Ways Parents Can Promote Independence in 3-Year Old and 4-Year-Old Children

Posted on: 26 October 2017

Parents of three- or four-year-old children believe that their children need all the help they can offer concerning preschool learning, and rightly so. However, what parent does not want to see their children dressing on their own or making their beds early in their lives? While this is true, early childhood education experts have discovered over the years that kids are capable of doing more than what most parents would think. All that parents need is to learn a few concepts on how to promote independence on the part of their children. This article provides ideas you can apply as a parent to encourage the freedom of your child towards early learning.

Do not Redo their Work

Small children are still learning their surroundings, so you might be tempted to help on some of the things they would love to do on their own. For instance, if your three-year-old child has made their bed, you might find it hard to resist the urge to straighten the edges.
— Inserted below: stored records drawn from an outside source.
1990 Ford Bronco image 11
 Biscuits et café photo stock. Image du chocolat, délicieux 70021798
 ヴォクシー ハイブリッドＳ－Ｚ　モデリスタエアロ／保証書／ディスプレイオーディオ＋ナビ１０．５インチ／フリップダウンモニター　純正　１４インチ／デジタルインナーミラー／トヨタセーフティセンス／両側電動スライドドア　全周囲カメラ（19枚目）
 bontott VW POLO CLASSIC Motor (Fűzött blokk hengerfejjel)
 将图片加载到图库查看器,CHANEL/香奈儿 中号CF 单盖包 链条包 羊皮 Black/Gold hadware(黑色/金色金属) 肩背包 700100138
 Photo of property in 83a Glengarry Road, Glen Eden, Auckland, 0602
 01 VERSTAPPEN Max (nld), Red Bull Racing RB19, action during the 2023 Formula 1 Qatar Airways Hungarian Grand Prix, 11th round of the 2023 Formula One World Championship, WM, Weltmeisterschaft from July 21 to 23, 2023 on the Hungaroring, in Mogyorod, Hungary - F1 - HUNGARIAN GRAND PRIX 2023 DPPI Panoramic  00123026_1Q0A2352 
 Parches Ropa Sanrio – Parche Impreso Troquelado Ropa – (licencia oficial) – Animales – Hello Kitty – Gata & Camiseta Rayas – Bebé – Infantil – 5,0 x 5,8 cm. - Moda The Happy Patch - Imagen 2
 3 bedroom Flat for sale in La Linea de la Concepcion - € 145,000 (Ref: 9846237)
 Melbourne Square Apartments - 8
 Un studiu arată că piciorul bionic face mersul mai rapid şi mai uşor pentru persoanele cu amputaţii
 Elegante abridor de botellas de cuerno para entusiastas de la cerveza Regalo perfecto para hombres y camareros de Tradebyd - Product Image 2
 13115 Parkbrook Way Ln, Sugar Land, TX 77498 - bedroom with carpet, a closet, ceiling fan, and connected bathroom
While you innocently believe you are helping them out, the fact is that you are discouraging them, and they will lose interest in making their bed. Instead, complement their efforts, as doing so will encourage them to be making their beds every morning. You will notice that with time they will improve in whatever it is that they do on their own. Most importantly, ensure that you compliment everything from their dressing to drawings.

Expect More

You may find it hard to believe, but even small children have a way of living up to expectations. They will hang up their coats, pour their water and also wash their hands without any help because we expect them to do such things. However, when they leave their preschool classrooms and get home, parents want to do everything for them. As a parent, you need to take the teachers' approach and at least raise the bar. You will be surprised at the efforts your four-year-old will put to reach the bar without your help.

Assign a Chore

Children are capable of doing certain exciting but straightforward household chores. For instance, if you notice that your three-year-old loves plants, get flowers and put them in charge of watering the flowerpots. Doing so boosts their confidence and independence and goes a long way towards improving their sense of competency. Other chores such as assisting in setting the table for dinner or even emptying the dryer are manageable enough for kids this age. The primary objective is to have them feel that they are in charge of something, which is a great confidence and independence booster.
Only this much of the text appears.